Consider $\Omega$ an open set of $\mathbb{C}$ and $f : \Omega \to \mathbb{R}$ a $C_{\infty}$-function. The following two definitions are well-known (at least the first one) but I prefer to recall them :
The function $f$ is subharmonic if for all $z\in \Omega$, there is $r>0$ such that $$f(z) \leq \frac{1}{2\pi}\int_0^{2\pi} f(z+se^{it}) dt,$$ for all $s<r.$
Let us note $j$ the embedding $j : \mathbb{C}\times\mathbb{R} \to P(\mathbb{C}) \times P(\mathbb{R})$, where $P(\mathbb{R})$ is the projective real line and $P(\mathbb{C})$ is the projective complex line.

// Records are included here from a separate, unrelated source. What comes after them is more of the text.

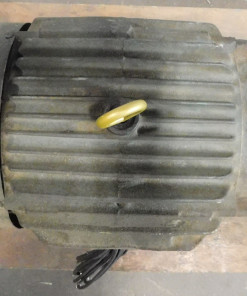 Alternative view of Motor 182TC 1800RPM 230/460V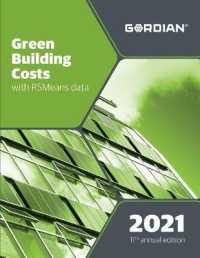 Green Building Costs with RSMeans Data (Means Green Building Cost Data)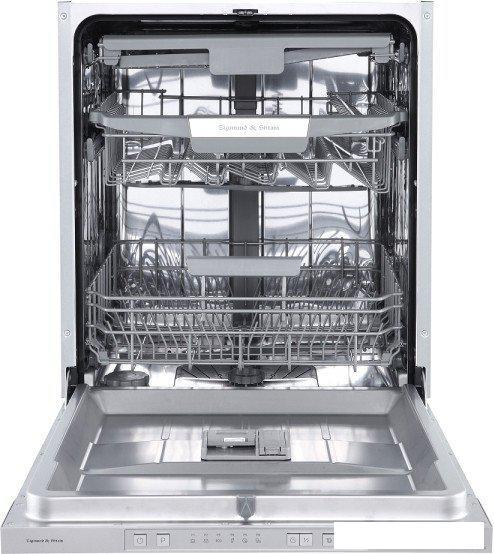Встраиваемая посудомоечная машина Zigmund & Shtain DW 306.6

The function $f$ is $j$-subanalytic if the graph of $f$ $$\text{gr}(f) =\{(x,f(x)) : x\in \Omega\} \subset \mathbb{C}\times\mathbb{R}$$ is a subanalytic set of $P(\mathbb{C}) \times P(\mathbb{R}).$
Does anyone know any link between these two concepts ? For example is a subharmonic function necessarily $j$-subanalytic ? (At least for particular $\Omega$) Any helpful answer or references will be much appreciated.
Edit : The general problem seems very hard, so $\Omega = \mathbb{C}$ would already be an interesting case for me.